The light microscope is a pivotal tool with cytology and histology mandatory in assessing gill health. The gill biopsy should be considered part of a clinical examination as the water medium surrounding the gill and on the gill contains often fragile organisms that would otherwise be lost in fixation for histology alone, but easily viewed with cytology. Barramundi are easily anaesthetised and recovered like many terrestrials and gill re-growth is rapid, healing within days. Biopsies should be viewed unstained with and without phase contrast and then stained and reviewed, recognizing some ectoparasites maybe lost with anaesthetic agents and stains. The sacrificing of the fish after a live gill biopsy is necessary with histology and microbiology our major tools for diagnostics, with no other non invasive methods readily available as for terrestrials. Every year many new water organisms related to aquaculture are described in the literature and the finding of novel and new organisms makes the veterinary examination of the live fish exciting yet imperative.
A major concern is the gill pathogens found in wild barramundi were similar to those found in culture. For example the prevalence of the parasite Henneguya a Myxosporidean was 90% in sea cages 60 km offshore from Darwin in the Bathurst Island river system and 66% for ponded fish with water drawn from the Darwin Elizabeth river, compared to 33% infected in the wild habitat of the Mary river system close to Darwin by road. However the bacterial disease Epitheliocystis had a prevalence of 66% in the sea cages and 18% of similarly sized fish in the Mary river system, yet nil found in the pond farm, but in this case sample numbers were restricted. Consequently the surveillance for new fish pathogens and monitoring for existing pathogens in the wild ecosystems and aquaculture facilities is necessary and must include the macro and micro flora and fauna surrounding such facilities as they are potentially affected from aquaculture waste streams. The sustainability of aquaculture in open water culture must be considered with great concern for many reasons, but disease by its nature could overwhelm a species and other aquatic life quickly disseminated in a dynamic water medium.
Freshwater culture of barramundi has problems with off flavour and disease, particularly recirculating aquaculture systems due to undercapitalization and possibly at this stage with existing type farms not suited for the culture of barramundi with one farm having all fish sampled diagnosed with systemic bacteraemia and gill Epitheliocystis. Commonly fish sampled from freshwater culture had suffered pathological changes to the gill, particularly hyperplasia indicating the fish are continually affected by issues of water quality and disease.

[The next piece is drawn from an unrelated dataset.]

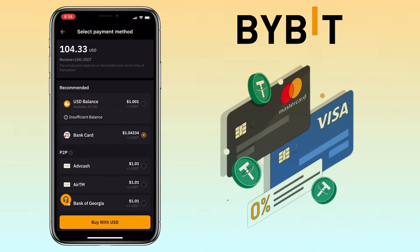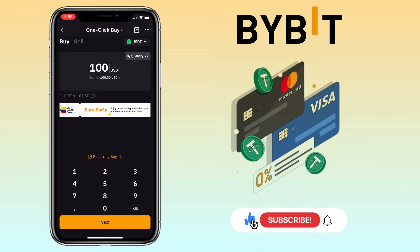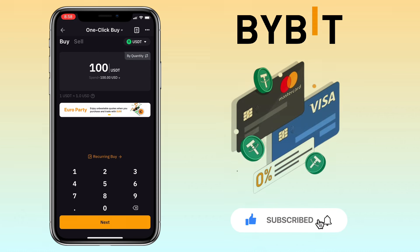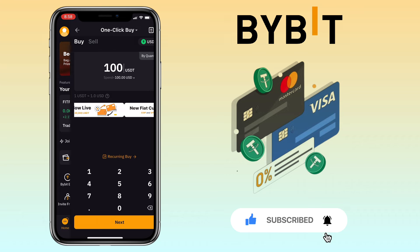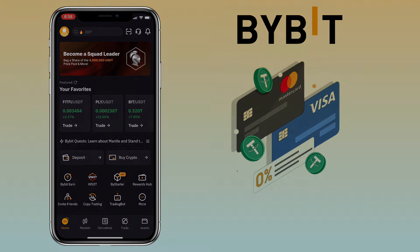That's all for this video. If you have questions, feel free to comment down below, and please don't forget to like, subscribe, and hit the notification bell for more cryptocurrency video tutorials. I'll see you in my next video.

Pond culture appeared to control gill disease issues by affording lower stocking rates, high water exchanges from a river within metres, fallow and the flavour of the fish similar to wild catch or sea cage culture, when purged in brackish water. The decreased environmental and ecosystem risks, coupled with the pond farmer reporting good profits with a simple form of culture, also suitable for intensification is a success story for barramundi production for today and the future.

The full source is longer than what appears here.